Tourné en Lituanie avant le début des hostilités russo-ukrainiennes, « Kompromat » tombe à pic sur les écrans français. C’est Jérôme Salle qui se charge de porter à l’écran, en la romançant sans doute un petit peu, l’histoire véridique de Yoan Barbereau. Et au vu de son film, on sent que Jérôme Salle a été biberonné aux films américains. Les scènes d’action, la gestion du suspens (et les petites coïncidences qui vont avec, comme avec la scène du téléphone), le dosage subtil entre la noirceur et l‘émotion, en la teintant de romance,
le duel final épique dans les marécages
, le petit symbole de l’ourson en tissu, toutes les bonnes recettes sont suivies et parfaitement exécutées. On peut choisir de s’en plaindre ou au contraire de considérer que c’est du cinéma efficace, qui ne laisse pas le spectateur sur le bord du chemin et l’embarque dans une aventure épique dont il ressort assez rincé. Car le film, qui dure plus de deux heures, ne nous laisse pas beaucoup d’occasions de souffler, la tension nerveuse y est permanente, presque épuisante. La musique, comme tout le reste, accompagne fortement les images, parfois un peu trop, mais c’est un peu la loi du genre.
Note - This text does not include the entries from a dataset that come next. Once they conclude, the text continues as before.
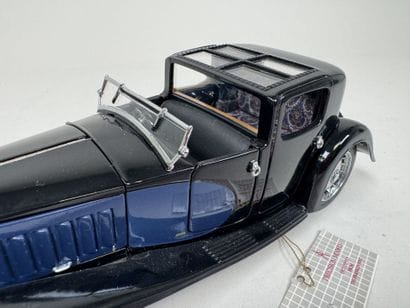 FRANKLIN MINT.
Bugatti Royale Coupé Napoléon...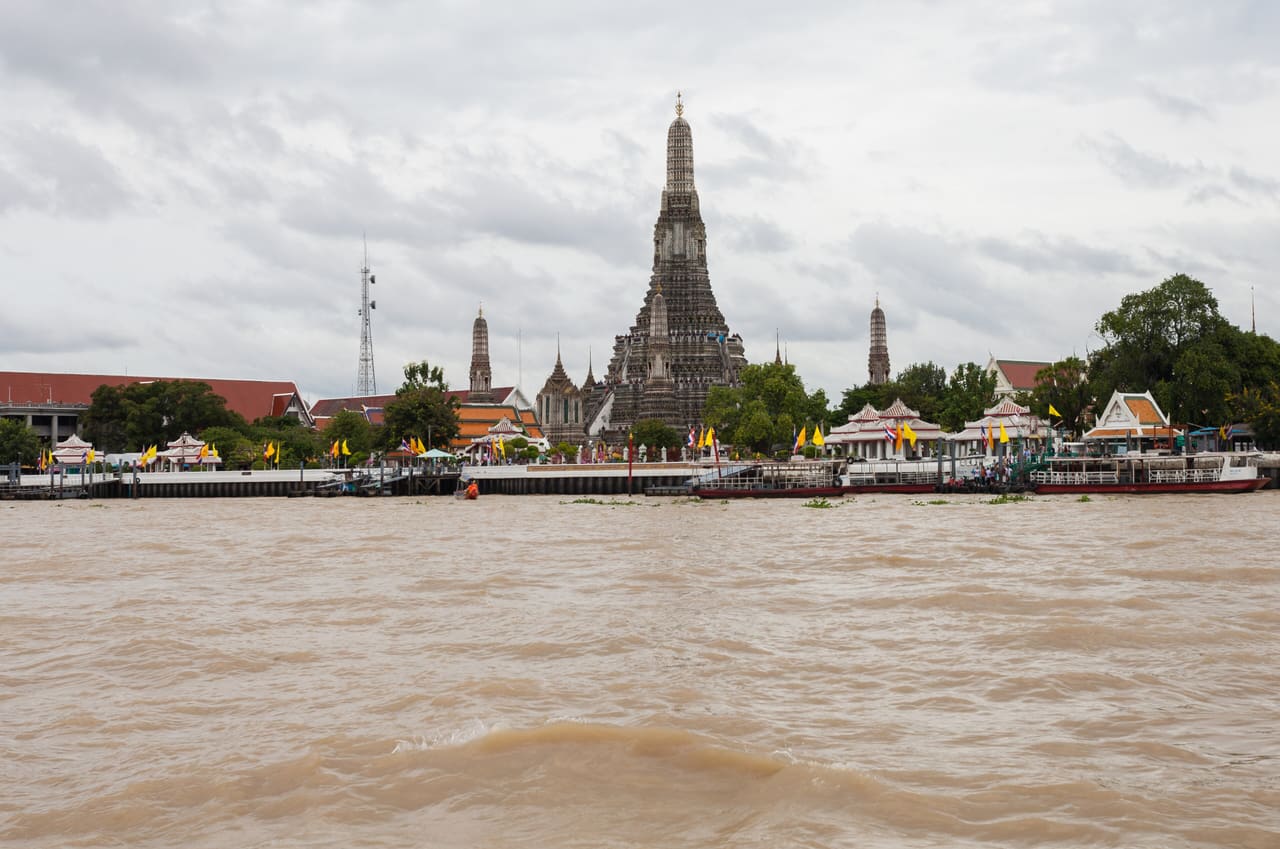Templo Wat Arun, Bangkok, Tailandia, 2013-08-22, DD 01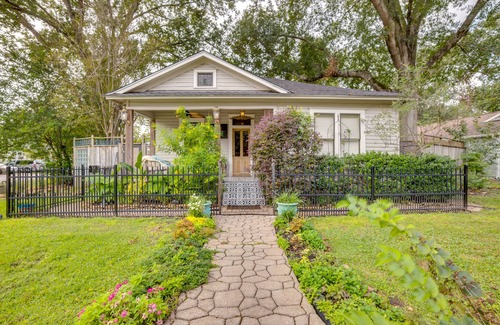 Tomball Apartamento | Cozy Studio Cottage in Downtown Tomball!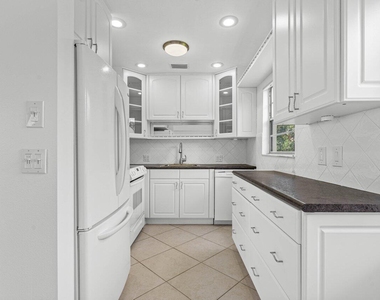 74 Mansfield B - Photo Thumbnail 12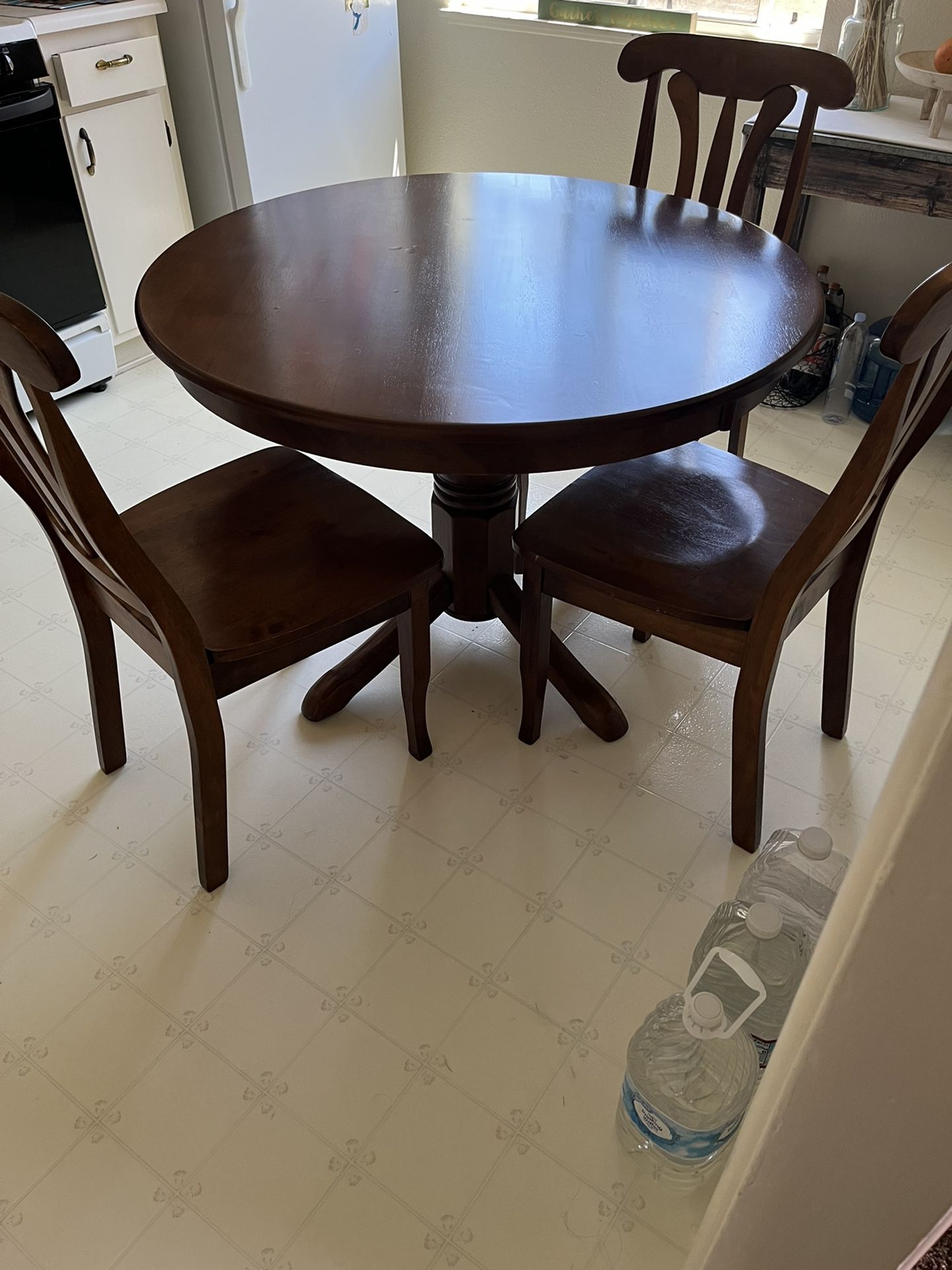 Dinning Table And Chairs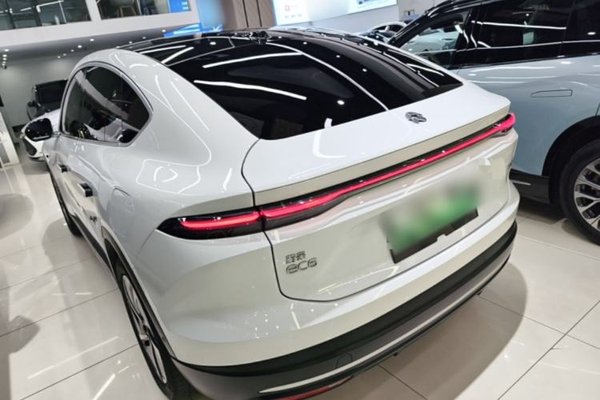 Nio EC6 2023, 35700 км, за 30829 USD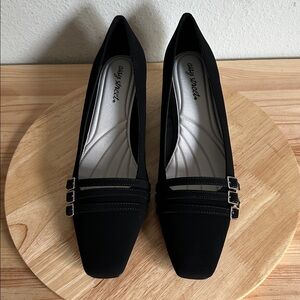 Easy Street Womens Block Heel Booties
Le film est censé se passer en Russie : quand il ne pleut pas, c’est qu’il neige ! Les appartements sont exigus, meublés à l’ancienne, les supermarchés sont mal achalandés, on comprend quand même facilement l’épouse de Matthieu qui insiste pour rentrer en France, rien ne fait réellement envie. Je ne sais pas si c’est la Russie comme on l’imagine ou la vraie Russie qui est ainsi… C’est Gilles Lellouche qui se glisse dans la peau de ce français abandonné de tous, condamné d’avance et qui refuse le sort injuste qu’on lui réserve. Il est très bien, Lellouche, dans ce rôle, il est quasiment de toutes les scènes : c’est un rôle difficile, très physique, éprouvant et il fait très bien le job. A ses côtés, quelques jolis seconds rôles dont celui tenu par Joanna Kulig,
dont on ne sait pas pendant un bon moment si on doit lui faire confiance ou s’en méfier et qui parvient à maintenir cette ambigüité longtemps.
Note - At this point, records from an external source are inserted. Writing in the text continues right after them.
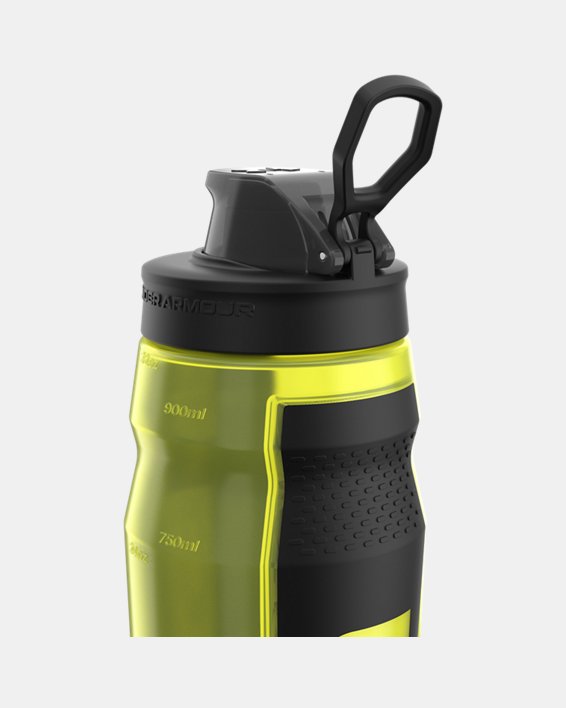 UA Playmaker Squeeze 32 oz. Water Bottle, Yellow, pdpMainDesktop image number 4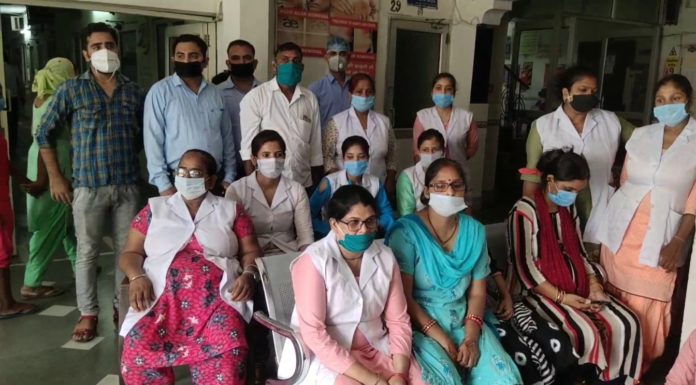 पानीपत – निजी अस्पताल की नर्सों ने की वेतन बढ़ोतरी की मांग को लेकर हडताल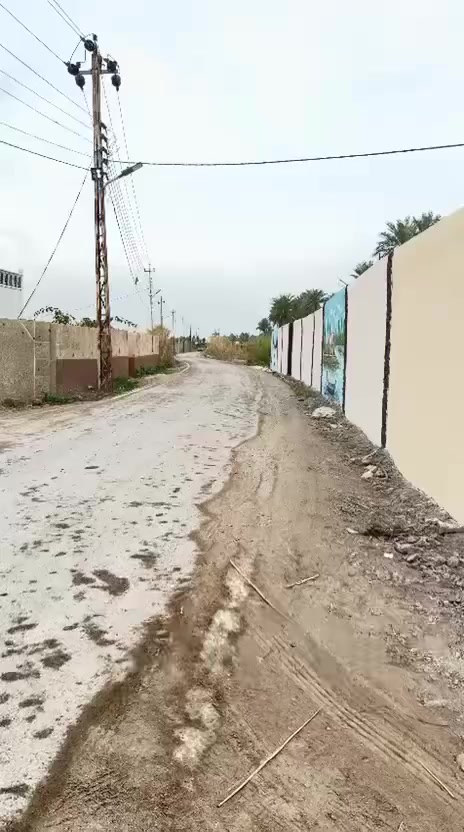 سلام عليكم دونم و300 متر للبيع العنوان المدائن منطقة الجعارة عل شارعين تبعد 400 متر عن نهر دجلة الاستفسار
***********
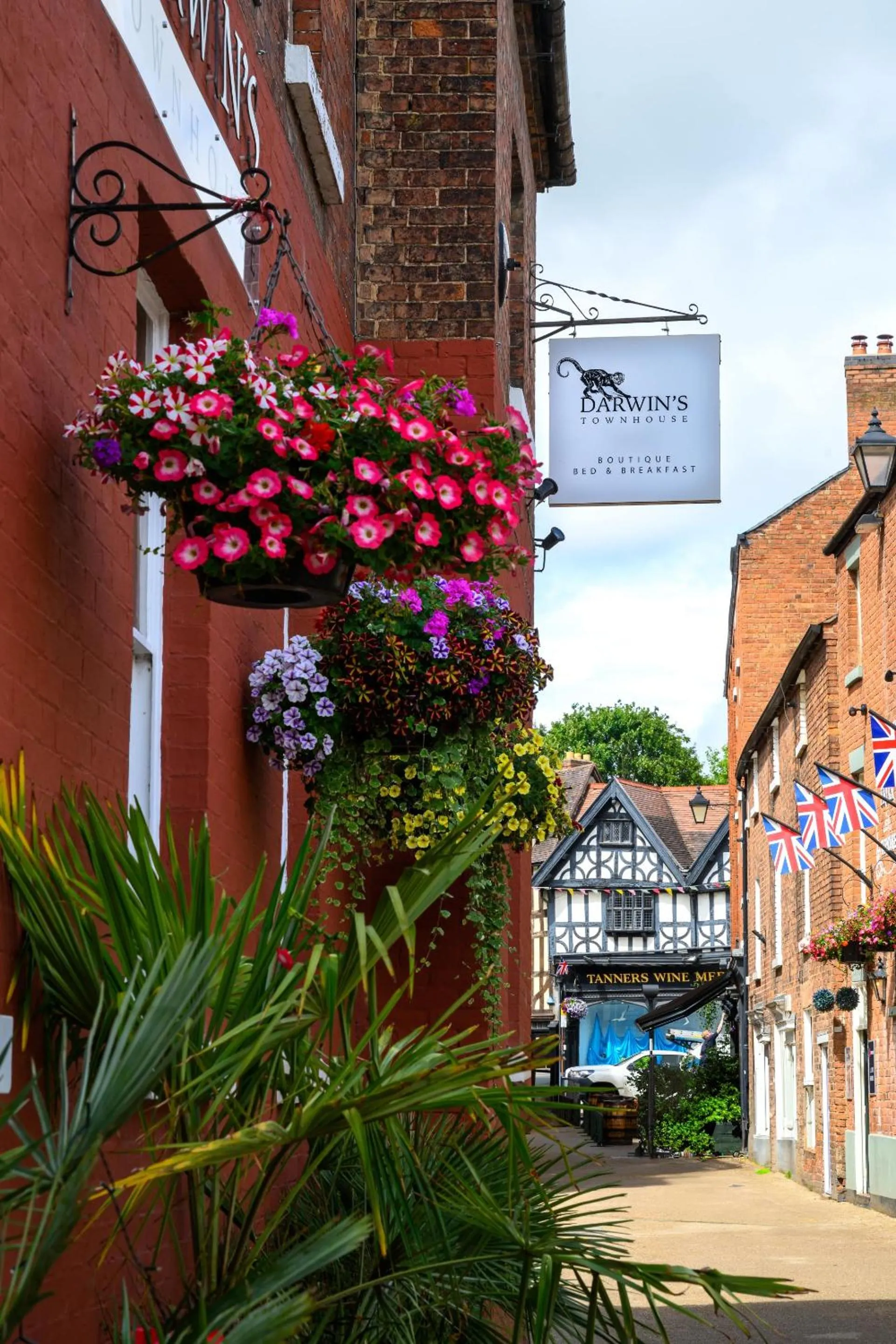 Property building in Darwin's Townhouse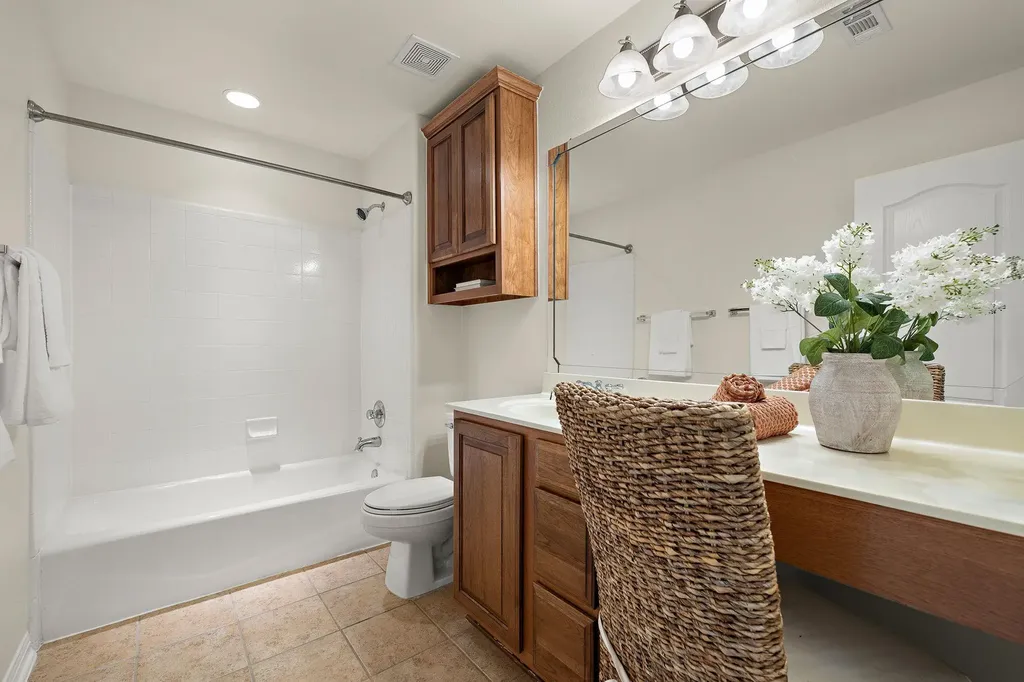 7516 Brecourt Manor Way Austin TX 78739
Si on ne sait pas d’emblée que cette histoire est celle de Yoan Barbereau, on s’imagine que le scénariste est allée un peu trop loin avec ce type
qui s’évade seul de Russie, depuis la Sibérie, quasiment sans être aidé, sans argent liquide, et surtout sans l’aide d’une ambassade qui est pourtant, me semble-t-il, là pour ça aussi !
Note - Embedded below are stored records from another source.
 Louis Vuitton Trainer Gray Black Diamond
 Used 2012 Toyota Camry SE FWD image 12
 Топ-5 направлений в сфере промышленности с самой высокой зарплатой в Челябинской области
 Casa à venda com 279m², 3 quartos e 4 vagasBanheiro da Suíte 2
Et pourtant, quasiment tout est vrai, à part peut-être la romance que le scénario a ajouté pour susciter l’émotion et faire plus « cinématographique ». Le pourquoi du « kompromat », on en cherche les raisons avec Matthieu au travers de quelques flash-back, et on les devine au fil du temps, en filigrane sans que cela ne soit jamais réellement clair. Vu de France, ce faux grossier est une abomination, car Mathieu n’a aucune chance, le FSB ne pouvant se dédouaner, sa condamnation est inévitable. En 2017, l’ambassade de France en Russie avait encore une raison d’être, et elle ne sort pas grandie du film, c’est le moins qu’on puisse dire. Dans sa fuite,
Matthieu peut compter sur la population pour le dénoncer, ou pour l’aider et parfois l’aide vient de ceux qu’on n’imaginait pas
. Il n’y a pas une caricature grossière du peuple russe dans ce film, en revanche, les autorités russes en prennent pour leur grade, mais on ne va pas non plus trop pleurer sur le sort que le film leur réserve. Si on ferme les yeux sur quelques scènes un peu trop « hollywoodiennes »
(le téléphone, le combat dans les marais, la course poursuite à Moscou, le nounours)
, « Kompromat » est un film très efficace qui vous embarque dans une aventure assez terrifiante que l’on ne souhaite à personne, pas même à son pire ennemi.